Ort: Bildungsstätte LSB Hessen in Frankfurt
Veranstalter: Deutsche Schachjugend (DSJ)
Datum: 10.–12. Oktober 2025

Der Mädchenschachkongress der Deutschen Schachjugend bot wertvolle Einblicke in die Förderung von Mädchen und Frauen im Schachsport. Im Folgenden werden die wichtigsten Vorträge und deren Erkenntnisse für unseren Verein zusammengefasst.


Arbeitskreis Mädchenschach der DSJ

Der Arbeitskreis Mädchenschach der Deutschen Schachjugend verfolgt verschiedene Ziele zur Förderung des Mädchen- und Frauenschachs:

  • Förderung des Ehrenamts: Unterstützung engagierter Helferinnen und Helfer im Mädchenschach
  • Stärkung der Landesverbände: Vernetzung und Unterstützung auf regionaler Ebene
  • Mädchen Grand-Prix U12/U25: Turnierserien speziell für Mädchen in verschiedenen Altersklassen
  • Rahmenprogramme: Gestaltung attraktiver Begleitprogramme für verschiedene Veranstaltungen
  • Betreuerinnen-Ausbildung: Ab 16 Jahren können sich junge Spielerinnen zu Betreuerinnen ausbilden lassen, um selbstbewusst den Schritt von der aktiven Spielerin zur Betreuerin zu gehen

Qualitätssiegel und Förderinstrumente

Das Qualitätssiegel Mädchen- und Frauenschach wurde überarbeitet und kann Vereine bei ihrer Arbeit unterstützen. Weitere Informationen finden sich unter:

Seit 2013 gibt es das Mädchenschachpatent der Deutschen Schachjugend: Weitere Informationen

Neue Ideen:

  • Mixed-Pokale (landesintern oder länderübergreifend) zur Förderung gemischter Teams

Optimale Förderung von Mädchen und Frauen in Mannschaften

(Carolin Gatzke)

Für eine erfolgreiche Förderung von Mädchen und Frauen im Vereinsschach sind mehrere Aspekte entscheidend:

Analyse der Vereinssituation

Zunächst sollte die aktuelle Situation im Verein oder in der Schule analysiert werden. Dabei ist es wichtig, von Anfang an die Sichtbarkeit der Mädchen untereinander zu gewährleisten, damit sie sich gegenseitig wahrnehmen und unterstützen können.

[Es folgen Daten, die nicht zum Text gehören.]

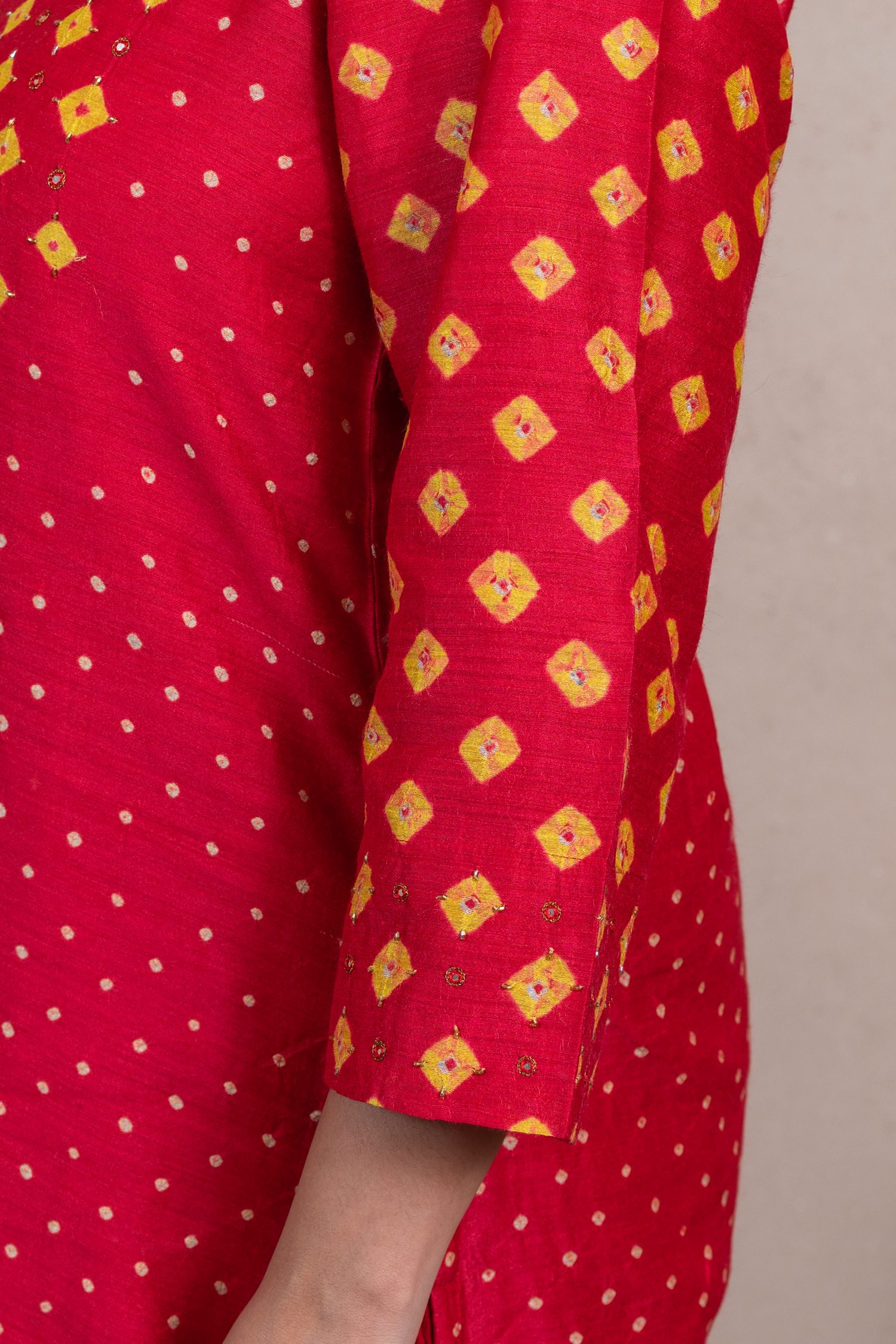 Raysham Red Bandhani Munga Silk Set of 3 | Ray-ethnic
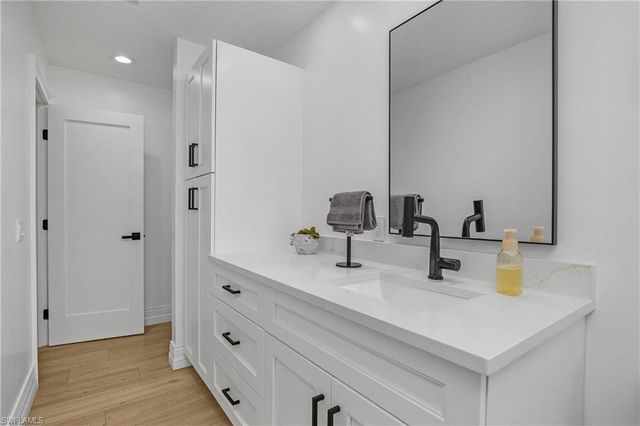 401 Countryside DR, Naples, FL 34104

Spielpraxis und Mannschaftswettbewerbe

  • Organisation von Gastspielerinnen: Bei Bedarf können Gastspielerinnen eingebunden werden, um die Mannschaftsstärke zu erhöhen
  • Spielpraxis durch Mannschaftswettbewerbe: Regelmäßige Teilnahme an Mannschaftswettbewerben fördert die Spielstärke und Motivation
  • Socializing und Gruppendynamik: Das soziale Miteinander und die Dynamik der Gruppe sind wichtige Erfolgsfaktoren
  • Offene Meisterschaften nutzen: Auch offene Turniere bieten wertvolle Spielpraxis

Wichtige Grundsätze

  • Wertigkeit der Bretter: Die Einteilung der Brettfolge sollte mit den Spielerinnen abgestimmt und fair gestaltet werden
  • Freiwilligkeit: Die Teilnahme an Turnieren und Mädchengruppen sollte freiwillig erfolgen, um intrinsische Motivation zu fördern

Best Practice: Die Schachtulpen Hamburg

(Silke Schwartau, Hamburg)

Das Hamburger Projekt “Die Schachtulpen” zeigt erfolgreiche Wege auf, wie Mädchen- und Frauenschach ohne festen Vereinsraum funktionieren kann.

Vom Frauenschach zum Mädchenschach

  • Spielort ohne festen Raum: Die Arbeit funktioniert auch ohne eigene Räumlichkeiten sehr gut
  • Gaststätten als Spielorte: Oft unproblematisch und mit positiver Zusammenarbeit seitens der Gaststättenbetreiber
  • Sichtbarkeit auf der Vereinswebseite: Ein eigener Bereich für Frauenschach schafft Aufmerksamkeit und Identifikation
  • Interesse bei Frauen: Viele Frauen interessieren sich für Breitensport-Schach, auch Mütter von schachspielenden Kindern

Erfolgreiche Formate

  • Familienschach-Turniere: Organisation über die Kinder, inklusive gezielter Ansprache der Eltern
  • Arbeitshefte: Ansprechend gestaltete Arbeitshefte, insbesondere für das Schulschach, sprechen Mädchen besser an
  • Mädchenschachhefte: Speziell auf die Zielgruppe zugeschnittenes Material erhöht die Attraktivität

Finanzierungsmöglichkeiten


Wie können wir mehr Spielerinnen gewinnen?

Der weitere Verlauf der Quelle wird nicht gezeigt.